# How to dial in a 4-jaw chuck



## MikeWi (Jul 1, 2013)

I found this on youtube, and it's really made life easier for me.  Thought some other of the new people may find it useful as well.  BTW there also some truly awful examples out there as well. LOL

[video=youtube;vsIaYm7g9nA]http://www.youtube.com/watch?v=vsIaYm7g9nA[/video]


----------



## Analias (Jul 2, 2013)

I like this method for adjusting a four jaw chuck.  To me it's a bit more intuitive.  It does require a second chuck key.

[video=youtube;2KMhx4DbyDg]http://www.youtube.com/watch?v=2KMhx4DbyDg [/video]


----------



## Ray C (Jul 2, 2013)

Just want to point out that if your jaws are not square, you'll have fits getting something centered no matter what technique you use.  Take a piece of known drill rod, center it with the DI placed about 2" from the jaws and after its centered, move the DI about 6" further down the shaft.  If it's more than a couple thou off the jaws need a little tuning.  Repeat the process a few times to make sure of how much error really exists.  Something to watch for is that if the slots & grooves that the jaws ride in are sloppy and worn, don't bother filing/grinding on your jaws.  Excessive wiggle in the slots/grooves is the alarm clock that says "Time for a new chuck".   In my early days, I once did a weld build-up and used slot cutters to bring things back to normal.  It came out pretty good (much improved) but was not worth the hassle in retrospect.


Ray


----------



## MikeWi (Jul 2, 2013)

Ray C said:


> Just want to point out that if your jaws are not square, you'll have fits getting something centered no matter what technique you use.
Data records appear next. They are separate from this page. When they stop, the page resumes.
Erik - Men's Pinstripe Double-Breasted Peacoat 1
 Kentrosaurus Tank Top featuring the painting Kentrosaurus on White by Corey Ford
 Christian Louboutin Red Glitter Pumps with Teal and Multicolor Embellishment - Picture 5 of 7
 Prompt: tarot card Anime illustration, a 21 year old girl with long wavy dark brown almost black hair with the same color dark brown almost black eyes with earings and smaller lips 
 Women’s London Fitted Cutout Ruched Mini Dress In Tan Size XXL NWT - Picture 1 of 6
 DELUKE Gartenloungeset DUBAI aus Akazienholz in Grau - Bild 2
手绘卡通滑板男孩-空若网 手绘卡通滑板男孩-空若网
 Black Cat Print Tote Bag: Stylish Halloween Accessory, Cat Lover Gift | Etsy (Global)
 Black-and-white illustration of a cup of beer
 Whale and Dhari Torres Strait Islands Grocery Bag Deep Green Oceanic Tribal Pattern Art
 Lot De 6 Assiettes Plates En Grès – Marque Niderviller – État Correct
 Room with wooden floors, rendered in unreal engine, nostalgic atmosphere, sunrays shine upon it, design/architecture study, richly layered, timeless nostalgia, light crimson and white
My jaws are all perfectly straight, and perfectly out of parallel with the lathe axis!  The jaws grip at the forward end but not farther back, so you can rock workpiece from side to side and watch it pivoting on the opposing jaws leading "tooth".  When you look all the way to the back of the jaw, it's got a lot of clearance.  Same for all four jaws or in other words any opposing pair.  And yes it did give me fits before I figured it out.  Swapping jaws around didn't make any difference.  I did a little very light removal from the front tooth of each jaw with a sanding drum, and got a little improvement, but I'm afraid to do too much without having some sort of control.  It seems the jaws are all very uniformly tipped in towards the center a little bit.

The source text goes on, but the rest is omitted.